Performance and performance ratios

The large increase in net income, which rose to €2.853 billion from €1.612 billion in 2011, was mainly driven by the substantial rise (+51%) in net interest income (about €3.522 billion) as the rates on loans outpaced the cost of funding. The positive trend was also confirmed by developments in gross income.
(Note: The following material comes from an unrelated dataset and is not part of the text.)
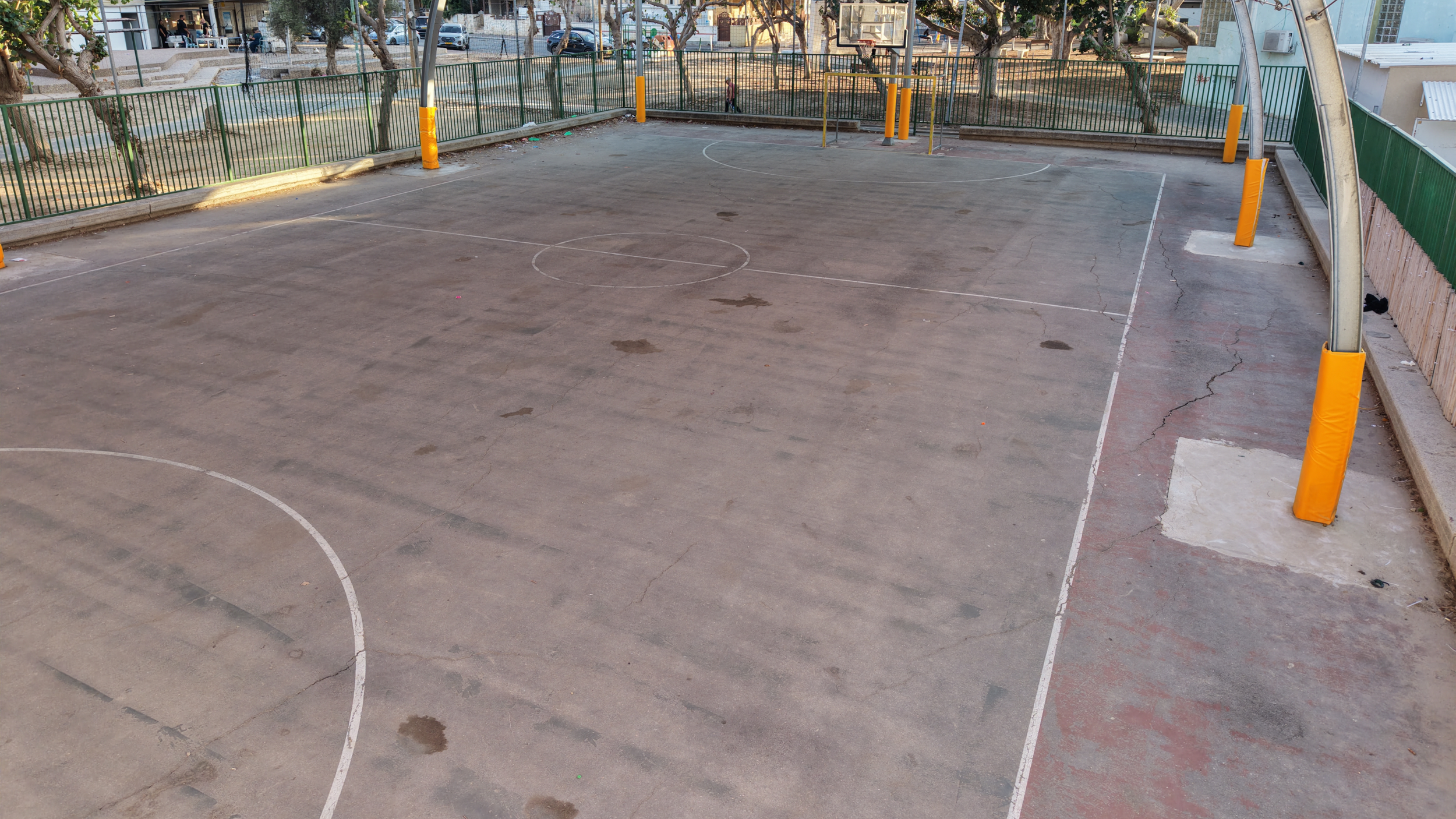 Worn outdoor basketball court with cracked concrete surface showing need for renovation and improved community play space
Excluding the non-recurring gain of about €485 million on the partial disposal of Eni shares during the year, CDP’s net income would still have risen by about 50%.

The positive performance kept efficiency high (the cost/income ratio declined to 3%, compared with 4.6% in 2011) and boosted the return on capital employed (ROE at 19.7%, compared with 11.7% in 2011).

 

HIGHLIGHTS FOR CDP SPA (millions of euros) 2012       2011

RECLASSIFIED BALANCE SHEET DATA          
Total assets 305,431       273,586
Cash and cash equivalents and other treasury investments 139,062       128,615
Loans to customers and banks 100,508       98,591
Equity investments and shares 30,570       19,826
Postal funding 233,631       218,408
Other direct funding 16,462       17,126
Shareholders' equity 16,835       14,469
           
RECLASSIFIED PERFORMANCE DATA          
Net interest income 3,522       2,329
Gross income 3,653       2,030
Operating income 3,530       1,939
Net income 2,853       1,612
 
OPERATING STRUCTURE          
Average no. of employees 512       486
 

 

 CDP Group

The consolidated financial statements at 31 December 2012 show net income pertaining to the shareholders of the parent company in the amount of €2.924 billion up 35% compared with 2011. Total assets reached €328.551 billion, an increase of 14% compared with 2011, while equity pertaining to shareholders of the parent company amounted to €18.183 billion, up from €15.525 billion  in 2011.

The 2012 Annual Report accompanied by the statements pursuant to Article 154 bis, paragraph 5, of the Consolidated Law on Financial Intermediation, as well as the reports of the external audit firm and the Board of Auditors will be made available to the public at the registered office and published in the CDP website in accordance the statutory deadline.

 Convocation of ordinary shareholders’ meeting

CDP has called an ordinary shareholder’s meeting for 17 April 2013. On the agenda is, in addition to approval of the annual financial results, the renewal of the Board of Directors and the Board or Auditors, as well as the integration of the auditing firm’s remuneration.

 

The manager responsible for preparing the corporate financial reports, Andrea Novelli, declares pursuant to paragraph 2 of Article 154-bis of the Consolidated Law on Financial Intermediation that the accounting information contained in this press release corresponds to that in the accounting documentation, books and records.